Haydn: Piano Sonatas, Volume 7 – A major, Hob 5; G major, Hob 6; in E major, Hob 31; F major, Hob 47; C major, Hob 48

Reviewed on Wed 24 Oct, 2018

The first movement of Hob 5 – treated as an exercise in keyboard dexterity – virtually sets the tone for what is to follow; despite embellished repeats they are a run through of the notes with only rare moments of inflection and expressivity.

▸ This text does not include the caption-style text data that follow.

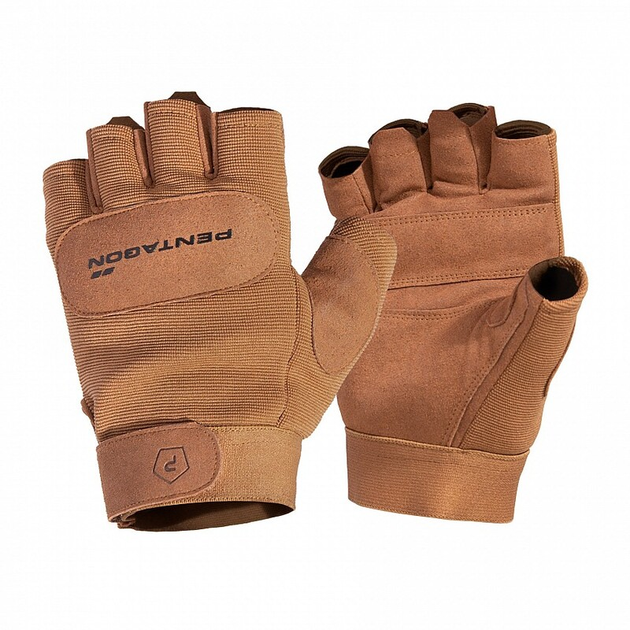 Тактичні рукавички Pentagon Duty Mechanic 1/2 Gloves P20010-SH Large, Койот (Coyote) - зображення 1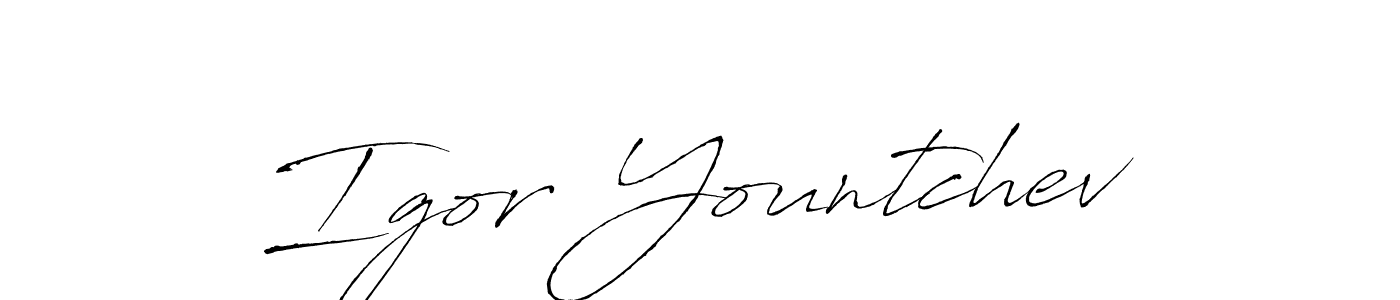 How to make Igor Yountchev signature? Antro_Vectra is a professional autograph style. Create handwritten signature for Igor Yountchev name. Igor Yountchev signature style 6 images and pictures png
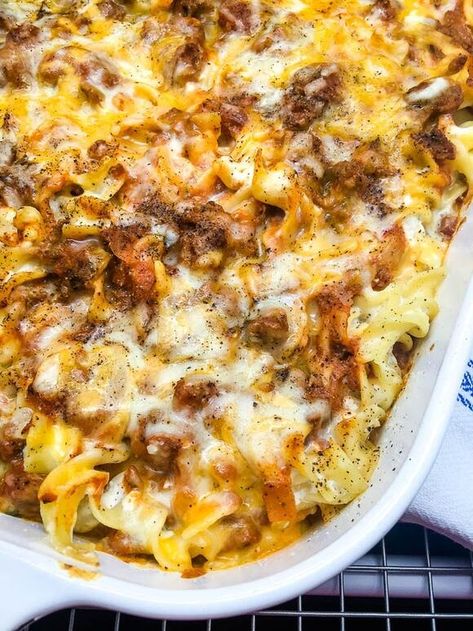 Pioneer Woman Sour Cream Noodle Bake, Sour Cream Noodle Bake Pioneer Woman, Carbie Barbie, Sour Cream Bake, Ham Dinners, Ground Beef And Sausage, Sour Cream Noodle Bake, Beef Noodle Casserole, Pasta Casseroles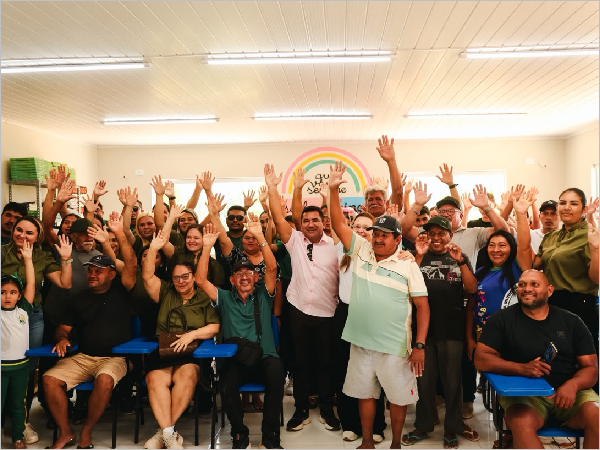 ESCOLA LUÍS GOMES DA SILVA É REINAUGURADA APÓS REFORMA E AMPLIAÇÃO EM CANTA GALO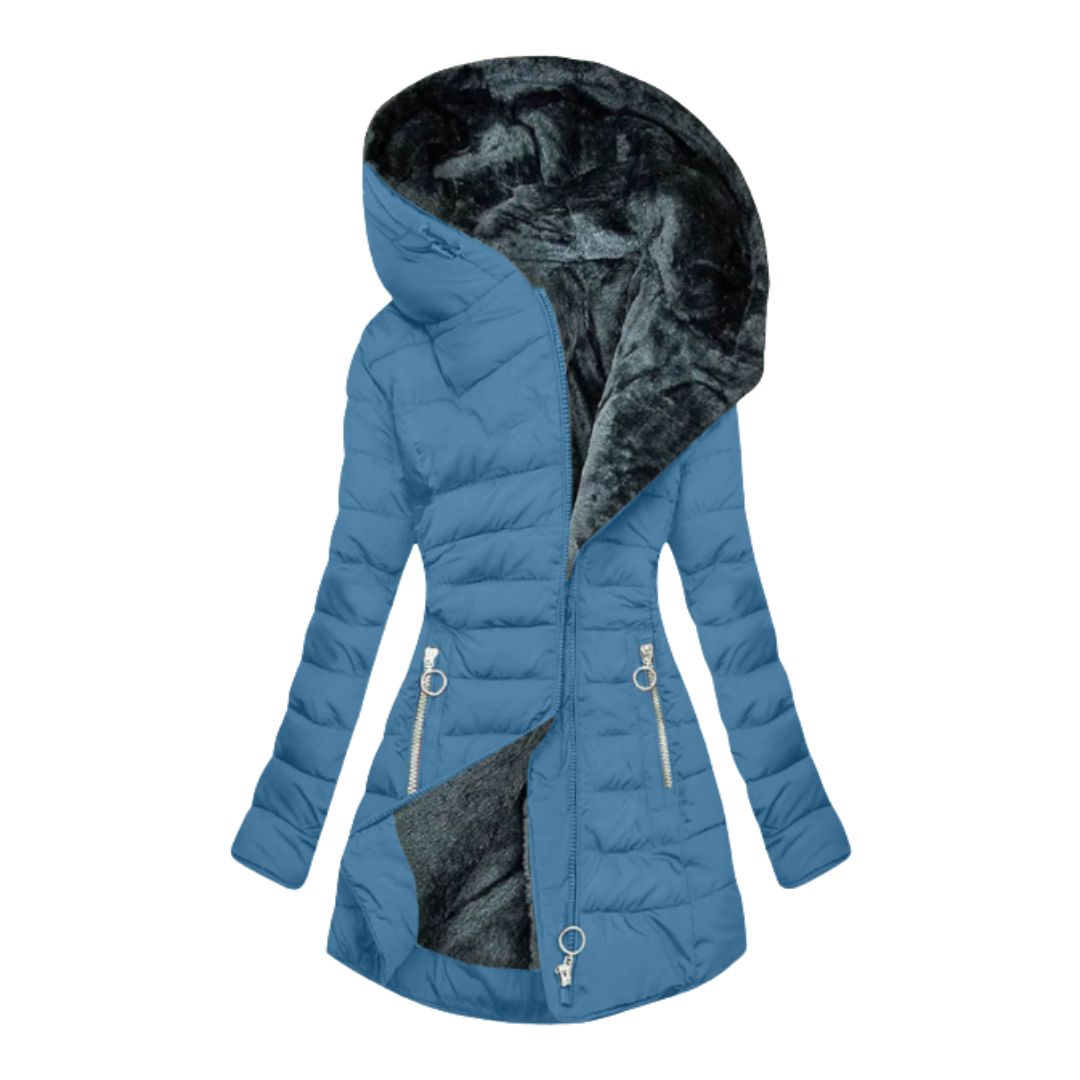 The Cosy Arctic Fox Puffer Jacket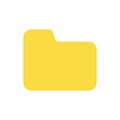 Folder flat color ui icon Royalty Free Stock Photo
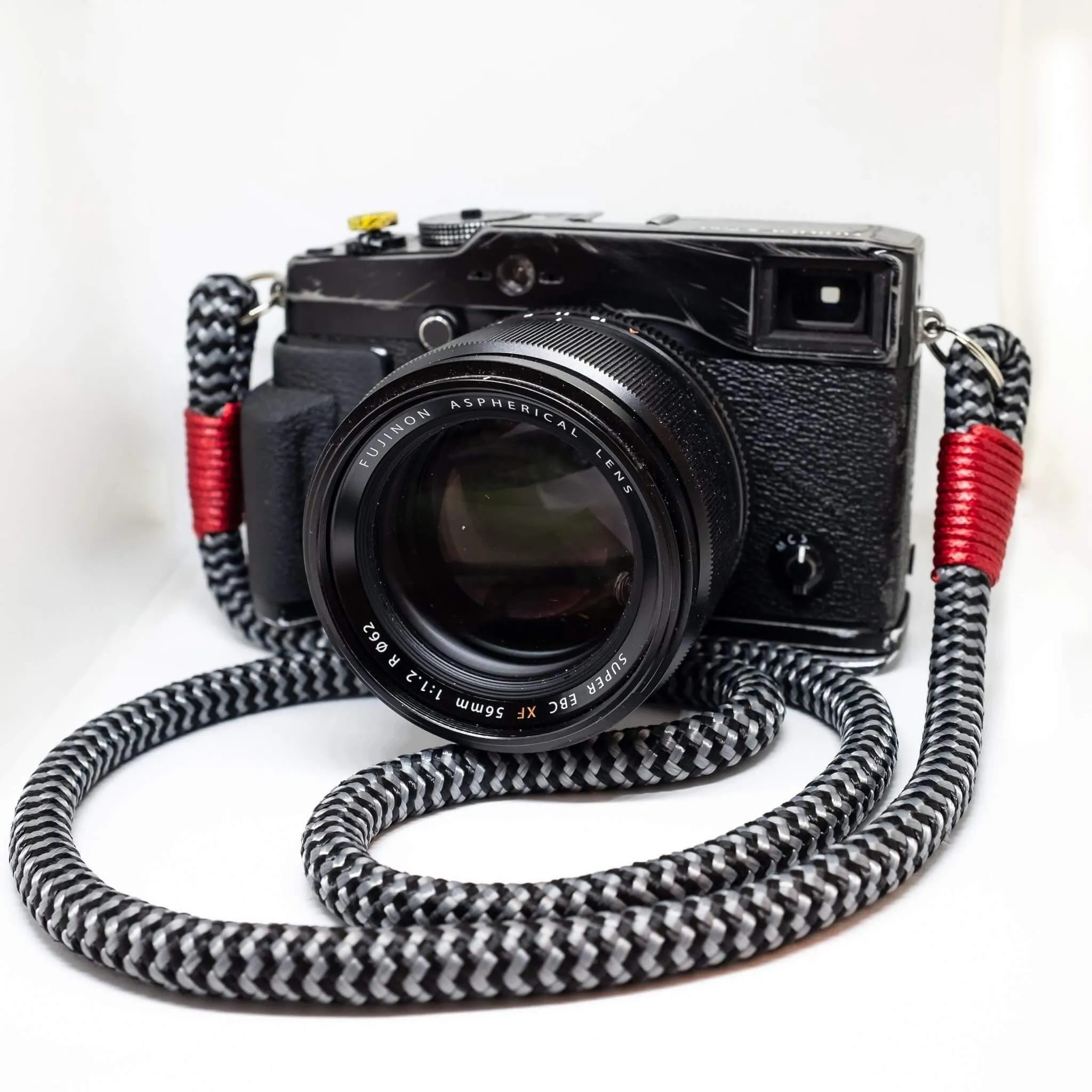 Black - Grey Acrylic Camera Strap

A puzzle to set the ball rolling. Why is Hob 47 – the first movement not by Haydn, the two subsequent movements the same as the first two movements of the genuine E minor Hob 47bis (alias Hob deest) but transposed to F minor and F major also by an unknown hand – included here? Probably because Christa Landon added it to her 1960s edition together with many other sonatas not in Hoboken’s catalogue. However, Georg Feder omitted it in his 1970s listing, and Miklόs Dolinszky published only the first movement in the 1990s. Shouldn’t this sonata therefore have been ignored considering that scholar and booklet-note writer Marc Vignal dubs it “a fake” and Jean-Efflam Bavouzet’s performance of the authenticated sonata is on CHAN 10668? Probably not, because Ulrich Leisinger’s edition of 2009 agrees with Landon’s acceptance of Hob 47, although he has abandoned her chronology as “impossible to realise” and returned to Hoboken. All very intriguing; but so is Bavouzet’s approach to the earliest works – Hob 5, Hob 6 and Hob 31 – which have no dynamic markings, intimating they may have been written for harpsichord; and Bavouzet mostly does not extend himself to suggest otherwise. The first movement of Hob 5 – treated as an exercise in keyboard dexterity – virtually sets the tone for what is to follow; despite embellished repeats they are a run through of the notes with only rare moments of inflection and expressivity. But despair not. Reach Hob 48, and here in a kaleidoscopic switch is Bavouzet, no longer a tiresomely literal exponent but a musician of substance dredging the depths of a magnificent late sonata and offering it in all its sublime introspection and sweeping grandeur. Formidable interpretations, from Alfred Brendel, Gary Cooper (fortepiano), Glenn Gould, Clare-Marie Le Guay, John McCabe, András Schiff and Andreas Staier (fortepiano), grace the catalogue. Bavouzet stands alongside.